How It Beats LangGraph

LangGraph Selectools AgentGraph Why better
Custom StateGraph with Annotated[list, add_messages] Plain GraphState dataclass No custom type system to learn
conditionalEdges with special return constants Plain Python function returning a string Debuggable, testable, IDE-friendly
Pregel channels for state management Dict[str, Any] with merge functions Standard Python data structures
Separate compile() step before execution Validate + run in one step No compilation phase, faster iteration
MemorySaver / SqliteSaver / PostgresSaver CheckpointStore protocol (3 methods) Trivial to implement custom stores
Node functions receive raw state Nodes are full Agent instances Inherit all Agent features: tools, traces, observers, guardrails
Complex interrupt/resume for human-in-the-loop Reuse existing confirm_action on AgentConfig Zero new concepts for HITL
Sub-graphs require CompiledGraph nesting AgentGraph can be a node in another AgentGraph Natural composition via duck typing

Checkpointing

class CheckpointStore(Protocol):
    def save(self, graph_id: str, state: GraphState, step: int) -> str: ...    # Returns checkpoint_id
    def load(self, checkpoint_id: str) -> Tuple[GraphState, int]: ...          # Returns (state, step)
    def list(self, graph_id: str) -> List[str]: ...                            # List checkpoint_ids

Built-in implementations:

  • InMemoryCheckpointStore — dict-based, for development
  • FileCheckpointStore — JSON files, for single-process production
  • SQLiteCheckpointStore — for multi-process production

Enables: resume after crash, HITL pause/resume, time travel debugging.

Parallel Execution

graph.add_parallel_nodes("research_step", ["researcher_a", "researcher_b", "researcher_c"])
graph.add_edge("research_step", "synthesizer")
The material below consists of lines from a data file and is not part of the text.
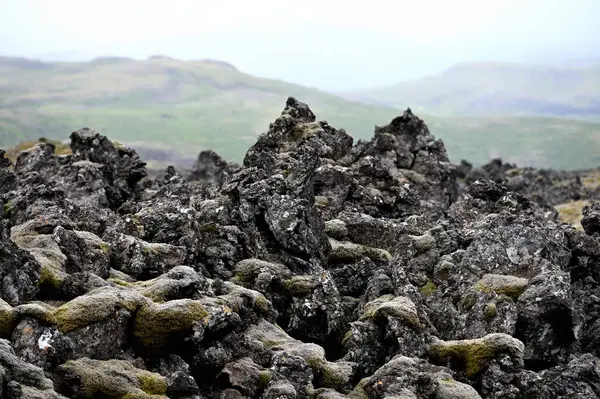 İzlanda 'nın İzlanda Dağları, İskandinavya' da bir lav alanında volkanik kül ve lav oluşumları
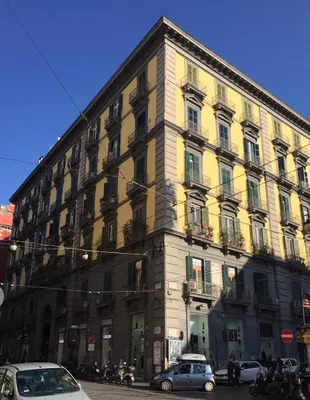 Edificio in cui si trova la stanza in casa privata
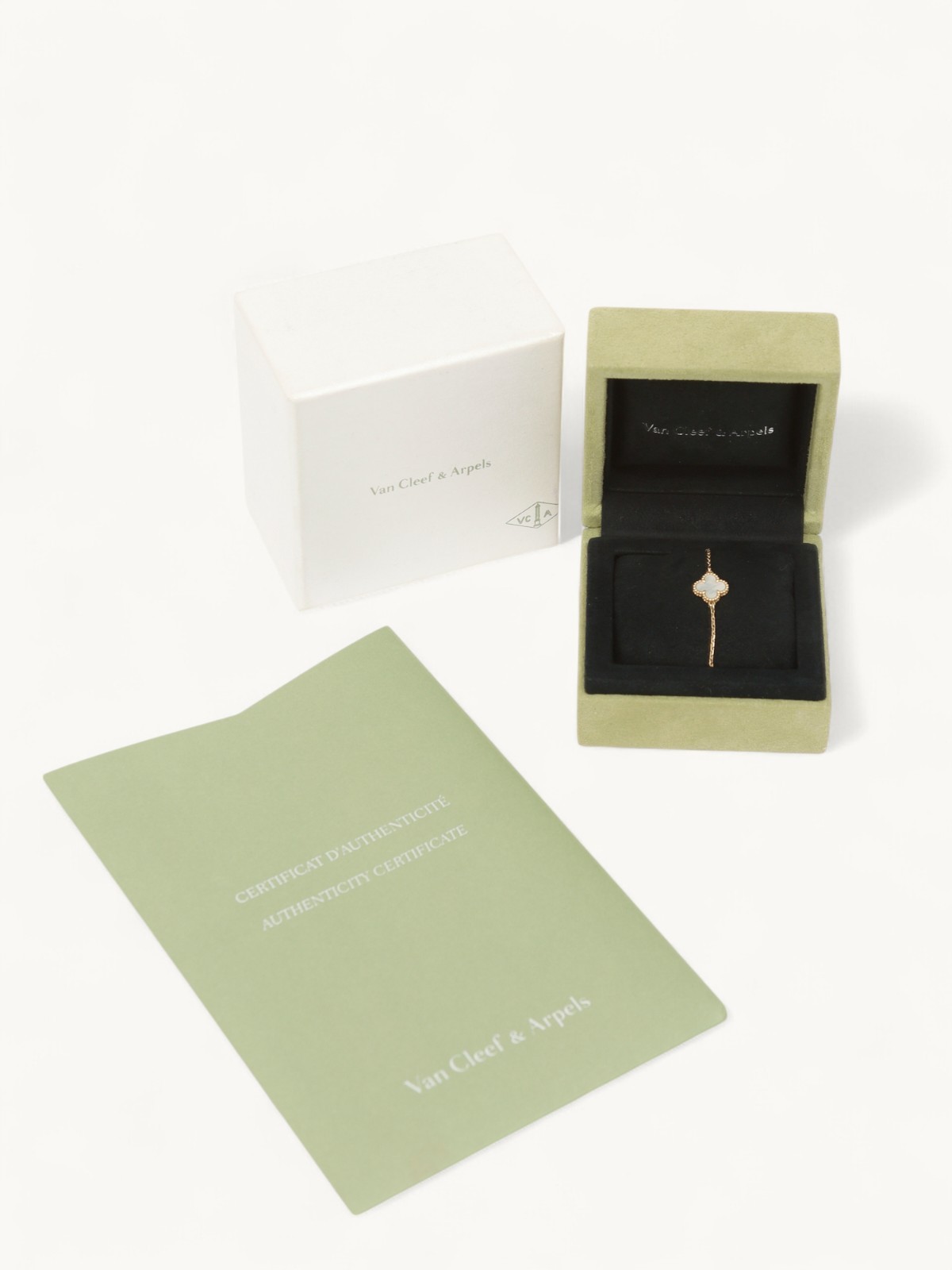Van Cleef Alhambra 3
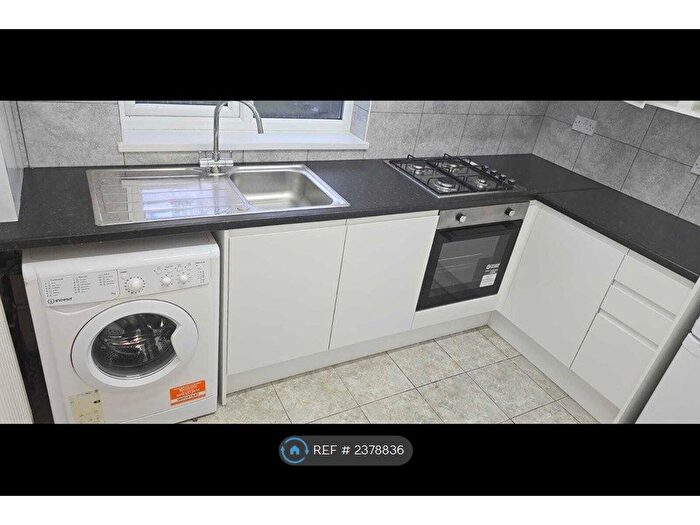2 Bedroom Flat To Rent In Burley Road, London, E16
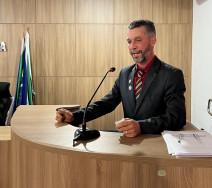 Vereador é acusado de desferir soco e enforcar servidora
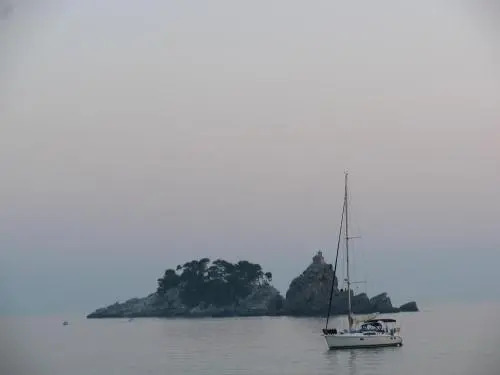 Apartments Pod Lozom with Seaview
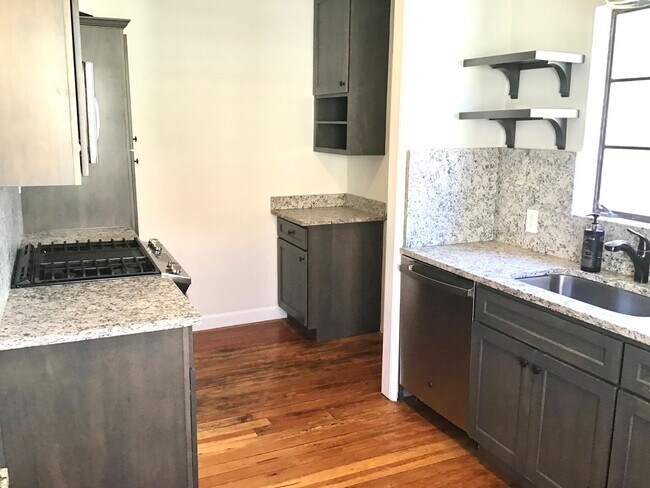 Building Photo - Modern, beautiful 3Bdrm, 2ba unfurnished i...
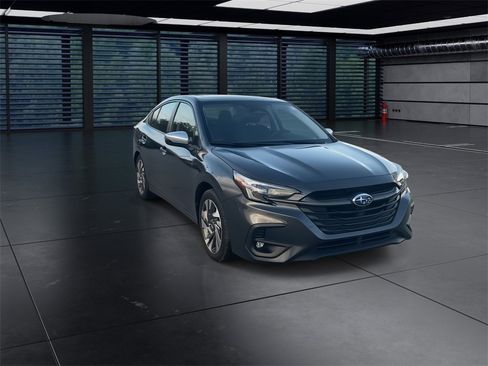 Used 2024 Subaru Legacy Touring XT image 4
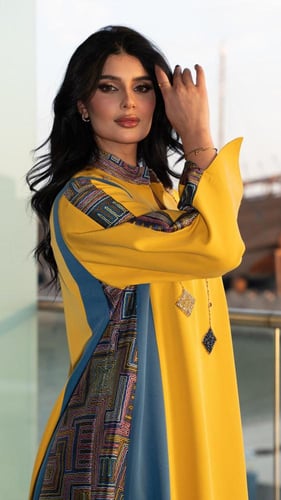 جلابية بلون اصفر والجوانب ملونة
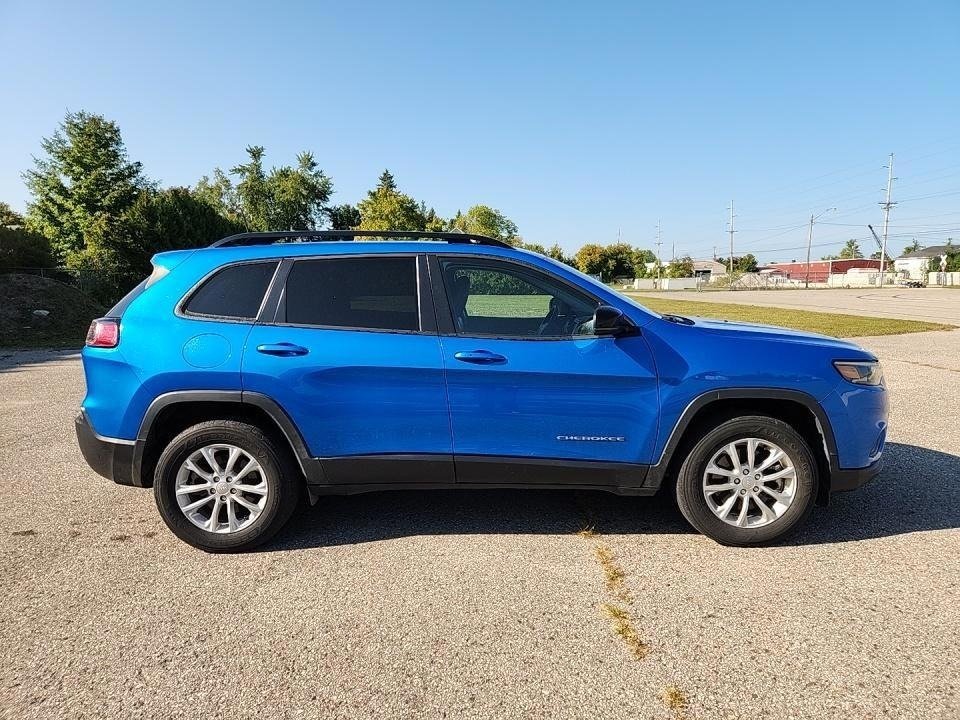 2022 Jeep Cherokee Latitude Lux photo 2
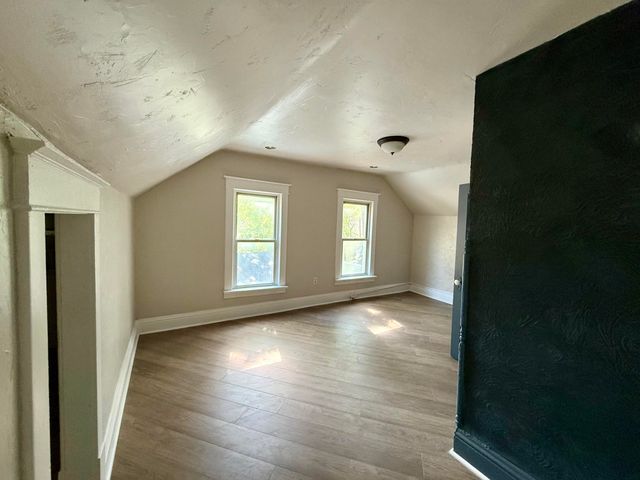 1872 Commerce Street, Muskegon, MI 49441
Uses asyncio.gather() (async) or ThreadPoolExecutor (sync) — same pattern already in agent/core.py for parallel tool execution. Configurable merge_fn(List[GraphState]) -> GraphState (default: concatenate messages, shallow-merge data dicts).

Sub-Graphs and Composition

An AgentGraph satisfies the Agent-like interface, so it can be a node in another graph:

research_subgraph = AgentGraph()
# ... define nodes ...

main_graph = AgentGraph()
main_graph.add_node("research", research_subgraph)   # Sub-graph as a node
main_graph.add_node("writer", writer_agent)
main_graph.add_edge("research", "writer")

Sub-graph traces are linked via parent_run_id (already supported in trace.py).

SupervisorAgent

Higher-level abstraction for common multi-agent patterns:

from selectools.orchestration import SupervisorAgent

supervisor = SupervisorAgent(
    agents={"researcher": researcher, "writer": writer, "reviewer": reviewer},
    provider=OpenAIProvider(),
    strategy="plan_and_execute",   # or "round_robin", "dynamic"
)
result = supervisor.run("Write a comprehensive blog post about AI safety")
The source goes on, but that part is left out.